(Given records Opens)

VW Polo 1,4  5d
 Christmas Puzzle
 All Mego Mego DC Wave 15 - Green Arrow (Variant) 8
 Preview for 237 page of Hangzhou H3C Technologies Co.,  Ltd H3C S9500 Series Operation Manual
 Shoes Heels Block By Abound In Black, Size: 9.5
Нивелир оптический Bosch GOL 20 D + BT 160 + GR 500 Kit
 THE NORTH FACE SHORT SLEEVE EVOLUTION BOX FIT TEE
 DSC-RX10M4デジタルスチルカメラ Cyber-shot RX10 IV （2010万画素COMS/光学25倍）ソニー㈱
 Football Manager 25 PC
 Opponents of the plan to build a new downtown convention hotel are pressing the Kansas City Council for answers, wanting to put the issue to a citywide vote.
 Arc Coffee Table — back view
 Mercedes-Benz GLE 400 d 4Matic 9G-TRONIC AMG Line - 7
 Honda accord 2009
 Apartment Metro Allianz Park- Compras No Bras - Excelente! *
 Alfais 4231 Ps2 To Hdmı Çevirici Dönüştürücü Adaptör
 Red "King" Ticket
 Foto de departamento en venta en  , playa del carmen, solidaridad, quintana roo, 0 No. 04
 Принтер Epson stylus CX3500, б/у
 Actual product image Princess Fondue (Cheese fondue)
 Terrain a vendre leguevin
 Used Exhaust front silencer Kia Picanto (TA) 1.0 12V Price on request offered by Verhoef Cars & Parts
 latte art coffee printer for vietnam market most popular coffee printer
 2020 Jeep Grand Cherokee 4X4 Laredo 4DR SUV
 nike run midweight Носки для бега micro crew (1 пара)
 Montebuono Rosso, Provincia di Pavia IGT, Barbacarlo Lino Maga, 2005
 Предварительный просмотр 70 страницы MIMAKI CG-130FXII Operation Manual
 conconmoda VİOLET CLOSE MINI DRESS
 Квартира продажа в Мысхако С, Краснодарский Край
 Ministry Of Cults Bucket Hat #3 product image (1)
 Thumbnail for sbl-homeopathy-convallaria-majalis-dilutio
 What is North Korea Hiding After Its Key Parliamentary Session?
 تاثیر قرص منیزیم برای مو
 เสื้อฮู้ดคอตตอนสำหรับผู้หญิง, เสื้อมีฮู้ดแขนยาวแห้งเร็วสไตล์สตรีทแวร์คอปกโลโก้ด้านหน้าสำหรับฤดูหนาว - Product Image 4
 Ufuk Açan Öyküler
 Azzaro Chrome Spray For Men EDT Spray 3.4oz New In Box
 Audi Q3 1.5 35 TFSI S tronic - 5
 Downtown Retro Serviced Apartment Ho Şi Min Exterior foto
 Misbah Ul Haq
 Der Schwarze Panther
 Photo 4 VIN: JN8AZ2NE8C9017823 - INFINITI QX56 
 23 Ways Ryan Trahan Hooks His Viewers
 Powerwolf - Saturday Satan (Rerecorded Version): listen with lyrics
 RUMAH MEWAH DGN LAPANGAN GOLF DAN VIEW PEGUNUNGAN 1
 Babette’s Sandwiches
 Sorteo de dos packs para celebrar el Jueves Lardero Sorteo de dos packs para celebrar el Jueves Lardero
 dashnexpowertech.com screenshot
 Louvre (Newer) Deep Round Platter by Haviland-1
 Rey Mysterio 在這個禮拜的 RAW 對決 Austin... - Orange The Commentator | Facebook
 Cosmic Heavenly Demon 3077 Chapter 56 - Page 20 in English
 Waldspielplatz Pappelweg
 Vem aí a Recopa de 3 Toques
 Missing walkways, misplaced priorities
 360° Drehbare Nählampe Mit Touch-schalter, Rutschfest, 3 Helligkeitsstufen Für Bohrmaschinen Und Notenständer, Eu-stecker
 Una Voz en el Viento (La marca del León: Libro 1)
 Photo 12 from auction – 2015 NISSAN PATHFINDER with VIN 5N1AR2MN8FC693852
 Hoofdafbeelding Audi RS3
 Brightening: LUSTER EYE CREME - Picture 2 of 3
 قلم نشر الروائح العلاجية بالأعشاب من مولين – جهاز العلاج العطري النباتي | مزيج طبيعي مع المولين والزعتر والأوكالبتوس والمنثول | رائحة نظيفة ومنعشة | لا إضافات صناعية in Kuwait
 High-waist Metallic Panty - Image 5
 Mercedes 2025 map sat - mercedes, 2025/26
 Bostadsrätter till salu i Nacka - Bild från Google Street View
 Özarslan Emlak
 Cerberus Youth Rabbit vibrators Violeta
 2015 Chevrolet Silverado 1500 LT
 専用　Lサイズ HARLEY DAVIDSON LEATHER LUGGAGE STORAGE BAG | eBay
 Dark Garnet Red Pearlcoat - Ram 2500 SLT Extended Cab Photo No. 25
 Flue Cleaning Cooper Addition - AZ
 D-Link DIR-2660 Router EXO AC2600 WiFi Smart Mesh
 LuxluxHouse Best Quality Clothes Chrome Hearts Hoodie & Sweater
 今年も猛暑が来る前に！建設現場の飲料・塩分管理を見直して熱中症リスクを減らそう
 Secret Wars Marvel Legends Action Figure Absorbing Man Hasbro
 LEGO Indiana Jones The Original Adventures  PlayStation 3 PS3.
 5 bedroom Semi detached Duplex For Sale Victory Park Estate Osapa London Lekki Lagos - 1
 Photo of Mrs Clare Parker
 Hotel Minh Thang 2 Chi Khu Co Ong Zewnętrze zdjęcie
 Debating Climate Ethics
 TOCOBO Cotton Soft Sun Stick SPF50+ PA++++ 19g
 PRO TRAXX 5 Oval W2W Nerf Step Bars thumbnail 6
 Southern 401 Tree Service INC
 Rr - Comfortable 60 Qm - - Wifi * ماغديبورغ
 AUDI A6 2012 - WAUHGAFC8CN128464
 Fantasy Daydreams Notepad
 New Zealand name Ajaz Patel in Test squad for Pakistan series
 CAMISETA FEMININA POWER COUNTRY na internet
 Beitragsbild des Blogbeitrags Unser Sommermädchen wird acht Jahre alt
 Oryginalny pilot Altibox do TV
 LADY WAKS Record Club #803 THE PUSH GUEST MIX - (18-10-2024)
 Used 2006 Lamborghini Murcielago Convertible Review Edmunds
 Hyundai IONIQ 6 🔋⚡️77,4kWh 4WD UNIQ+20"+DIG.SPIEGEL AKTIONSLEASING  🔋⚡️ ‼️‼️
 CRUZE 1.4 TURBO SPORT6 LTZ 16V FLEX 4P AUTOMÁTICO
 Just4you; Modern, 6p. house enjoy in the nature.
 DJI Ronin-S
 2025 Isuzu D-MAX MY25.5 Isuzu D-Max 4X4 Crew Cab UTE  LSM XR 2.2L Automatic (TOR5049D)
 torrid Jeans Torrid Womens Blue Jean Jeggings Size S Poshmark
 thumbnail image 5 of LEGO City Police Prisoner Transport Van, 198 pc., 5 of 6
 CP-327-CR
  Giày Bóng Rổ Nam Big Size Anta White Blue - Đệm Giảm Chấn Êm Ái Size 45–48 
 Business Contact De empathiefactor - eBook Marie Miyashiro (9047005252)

(Given records Closes)

* Work to complete: Search each line of the data above for "Blue", and copy the lines where it occurs.

* Output for this task:
 torrid Jeans Torrid Womens Blue Jean Jeggings Size S Poshmark
  Giày Bóng Rổ Nam Big Size Anta White Blue - Đệm Giảm Chấn Êm Ái Size 45–48 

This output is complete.